I failed to be a happy person in Gaza, and I’m failing today to feel like I'm a complete person outside of Gaza, knowing I don’t have the privilege to see my family. What happiness can you have when you can’t see your family in their happy occasions because you only have a one-way permit to and from Gaza?
Even when you leave Gaza, you can't get over it. You can never get over the tens of times you counted seconds, knowing you are likely to be killed now. And now. And now.
I left Gaza a year ago for a professional fellowship in Germany, and a research paper at Oxford University. It took me two months of chasing up visas and Israeli permits. It was never easy, but I was determined to leave the biggest open-air prison in the world.

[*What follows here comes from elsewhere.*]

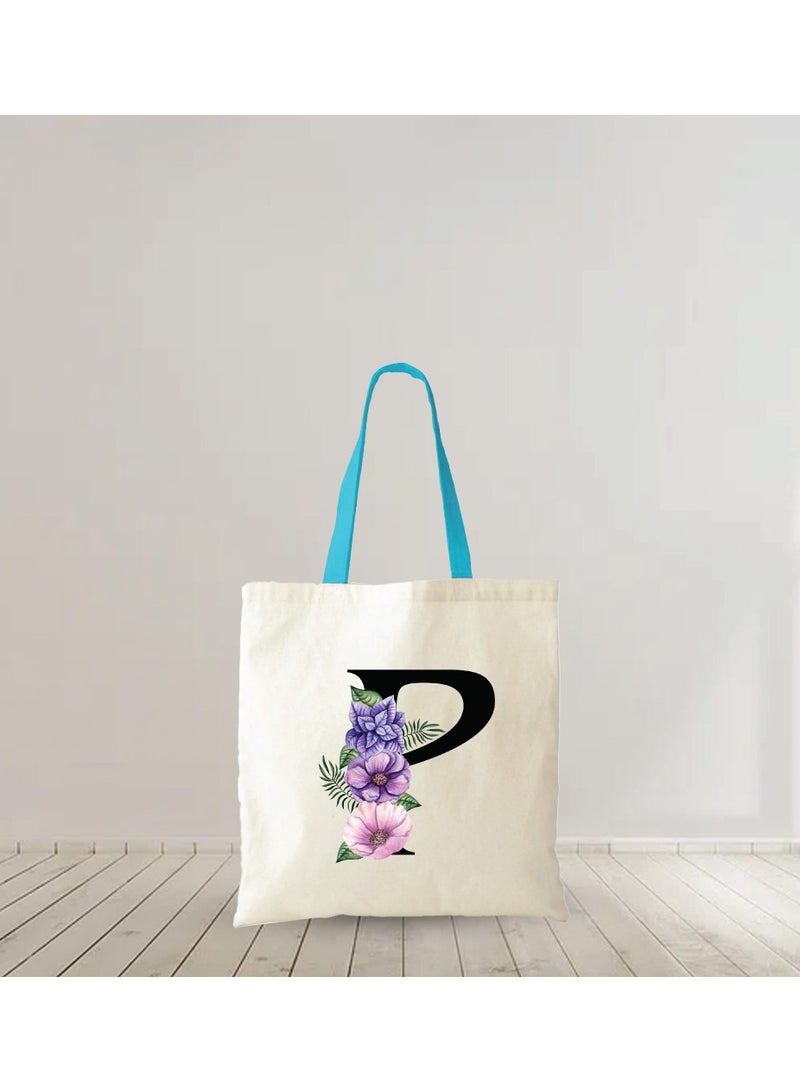 PRINTSHOP4ME Initial Letters Canvas Cotton Tote Bag With Blue Handle-Ideal Gifts For Bridesmaids-Party Bag - Image 4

I finished both of them now - the fellowship and my research - and I left for Jordan to seek something new. I’m only a three-hour drive from my house in Gaza, yet I am deprived of my right to visit because I will be stuck there forever. My family members are understanding, yet they feel sorry that I have to go through these hardships.
Every time I am lucky enough to be able to speak my family through Skype during the three-hours of electricity they have each day, they just tell me how much harder it is now, with the hours of electricity drastically reduced. They tell me how sewage water is being pumped to the beach, which is the only place people can visit freely.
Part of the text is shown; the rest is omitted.